Welke soorten verzekeringen zijn er?
We hebben het nu continue over verzekeringen gehad. Je weet hoe de geschiedenis eruitziet, wat een verzekering is en dat een verzekeraar bepaalde doelgroepen heeft. Maar, er zijn heel veel verschillende verzekeringen. In het hoofdstuk ‘Welke Risico’s bestaan er?’ hebben we deze in grote lijnen even ingedeeld in de categorieën leven, dood en gezondheid en bezit en vermogen. Maar dit is natuurlijk wel erg kort door de bocht. Als je op internet het woord ‘verzekeringen ’intypt bij Google, vliegen de verzekeringen je om de oren. Welke verzekeringen bestaan er dan allemaal?
Om te beginnen kun je verzekeringen indelen in twee groepen.
- Sociale verzekeringen. Deze worden verplicht gesteld door de overheid voor de gehele bevolking of een bepaalde groep daarvan. Als een sociale verzekering verplicht wordt gesteld voor de gehele bevolking wordt deze ook wel een volksverzekering genoemd.
- Vrijwillige particuliere verzekeringen. Deze nemen naast de sociale verzekeringen een hele belangrijke plek in als risicodrager. Dit zijn vaak de verzekeringen die niet verplicht zijn, maar soms wel noodzakelijk.
De overheid: sociale verzekeringen
Vrijwel alle sociale verzekeringen zijn verplicht voor alle Nederlanders. Maar, als je geen werk hebt vallen er een aantal verzekeringen af. Als werkeloze of huisvrouw -man heb je dus minder verplichte verzekeringen. Voor de rest van de bevolking gelden een aantal verplichte sociale verzekeringen. De premies hiervan worden door de overheid vastgesteld en deelname gaat vaak automatisch. De verplichtingen voor iedere sociale verzekering staan vastgelegd in een wet: de socialeverzekeringswet. De volksverzekeringen worden ook wel ‘A-verzekeringen’genoemd, omdat ze altijd met de letter A beginnen.

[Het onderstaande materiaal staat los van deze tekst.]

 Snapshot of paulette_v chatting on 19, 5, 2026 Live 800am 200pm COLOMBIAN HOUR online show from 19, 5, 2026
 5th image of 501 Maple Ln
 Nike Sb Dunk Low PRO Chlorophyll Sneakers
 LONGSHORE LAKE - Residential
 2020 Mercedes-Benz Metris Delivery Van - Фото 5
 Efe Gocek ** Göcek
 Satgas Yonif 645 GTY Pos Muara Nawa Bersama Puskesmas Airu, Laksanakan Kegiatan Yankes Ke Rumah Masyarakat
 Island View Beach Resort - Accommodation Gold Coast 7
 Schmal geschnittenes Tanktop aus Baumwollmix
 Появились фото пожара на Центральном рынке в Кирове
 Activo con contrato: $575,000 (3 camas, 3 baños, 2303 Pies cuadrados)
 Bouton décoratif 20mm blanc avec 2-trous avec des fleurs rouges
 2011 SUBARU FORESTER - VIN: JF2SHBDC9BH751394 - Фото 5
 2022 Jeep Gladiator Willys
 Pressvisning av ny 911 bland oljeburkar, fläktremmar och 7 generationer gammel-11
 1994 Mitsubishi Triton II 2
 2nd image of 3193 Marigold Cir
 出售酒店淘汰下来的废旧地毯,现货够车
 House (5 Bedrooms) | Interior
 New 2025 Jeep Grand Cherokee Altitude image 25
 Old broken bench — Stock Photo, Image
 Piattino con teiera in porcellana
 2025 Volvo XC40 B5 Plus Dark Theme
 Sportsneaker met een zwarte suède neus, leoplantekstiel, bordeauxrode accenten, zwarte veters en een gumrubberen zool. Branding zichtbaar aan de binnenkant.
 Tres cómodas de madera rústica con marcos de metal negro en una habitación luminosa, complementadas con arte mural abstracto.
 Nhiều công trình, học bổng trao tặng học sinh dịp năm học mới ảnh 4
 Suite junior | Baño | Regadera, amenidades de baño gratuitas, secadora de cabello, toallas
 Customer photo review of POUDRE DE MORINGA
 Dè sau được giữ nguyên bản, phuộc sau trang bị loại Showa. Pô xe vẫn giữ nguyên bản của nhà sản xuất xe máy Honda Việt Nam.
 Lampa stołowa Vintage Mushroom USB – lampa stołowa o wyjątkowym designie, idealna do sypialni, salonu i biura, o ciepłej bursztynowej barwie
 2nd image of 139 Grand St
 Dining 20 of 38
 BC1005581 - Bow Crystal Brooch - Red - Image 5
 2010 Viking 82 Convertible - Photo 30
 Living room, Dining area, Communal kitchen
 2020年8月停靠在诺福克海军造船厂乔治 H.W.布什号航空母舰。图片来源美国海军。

De meest bekende voorbeelden van volksverzekeringen zijn:
- De Algemene Ouderdomswet(AOW).
Deze wet regelt dat je bij ouderdom(65 jaar en ouder) een uitkering krijgt van de overheid. Dit bedrag bedraagt voor getrouwde stellen en samenwonenden 50% van het minimumloon en voor alleenstaanden 70%;
- De Algemene Wet Bijzondere Ziektekosten(AWBZ).
Deze wet zorgt ervoor dat je als je bijvoorbeeld langdurig in het ziekenhuis moet liggen of in een inrichting verblijft deze kosten vergoed krijgt. Ook vallen bijvoorbeeld een blindegeleidehond of de kosten voor een abortus onder deze wet.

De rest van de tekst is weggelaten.